To want to postpone my party?

(18 Posts)
BusyCee Fri 05-Feb-16 02:34:27

I've got my 40th bday in about 6wks. I also have a 3dcs, 5 and under, youngest is now 4mo and ebf. She's been waking every 2hrs recently and I haven't yet cracked any type of sleep routine with her. I put on weight since she was born (partly because I'm so knackered and they're so demanding I never get to actually eat a plate of food, so am constantly grazing on snack food and sweet food and never entirely sure how much I've eaten). I'm still that horrid saggy breastfeeding shape, and in manky grey bf bras.

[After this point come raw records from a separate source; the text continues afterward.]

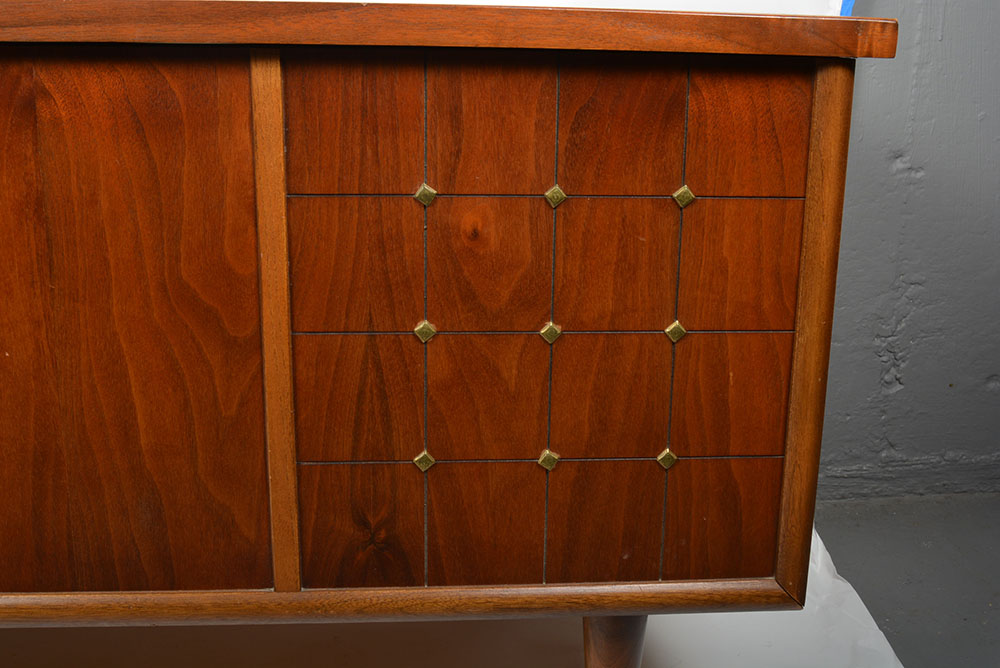 Lane Mid-Century Cedar Chest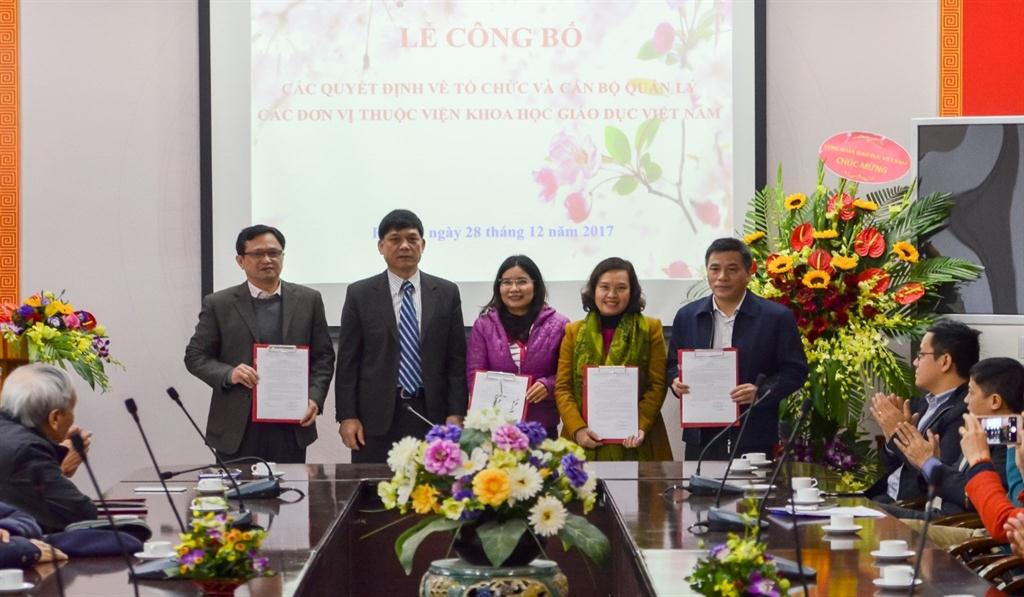 Lễ công bố các Quyết định về tổ chức và cán bộ quản lý các đơn vị thuộc Viện Khoa học Giáo dục Việt Nam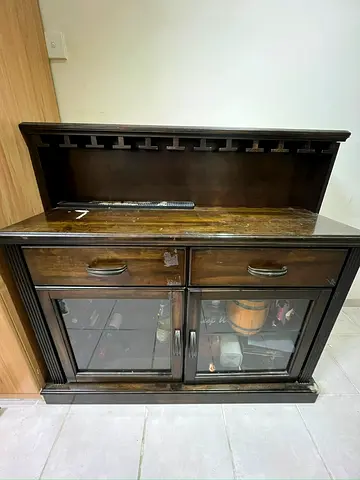 Luxury Wooden Bar Table – classic Design | Excellent Condition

DH has arranged a party. I've asked if we can postpone it for a year so I've got a fighting chance of actually enjoying it. I feel there's a strong possibility that I'll spend the evening upstairs comforting/ feeding the youngest while everyone else enjoys themselves. I've been pregnant or BFing so much of the last 6yrs and have spent so much time soberly watching everyone else enjoy things without having to limit themselves (booze intake; time to bed etc) that I don't really want to have to do it again when it's actually my party... Also, if we do go ahead and do it, and I do spend the night upstairs sorting out children while everyone else has fun, that's it. There won't be another chance to celebrate. That will be my memory of my 40th.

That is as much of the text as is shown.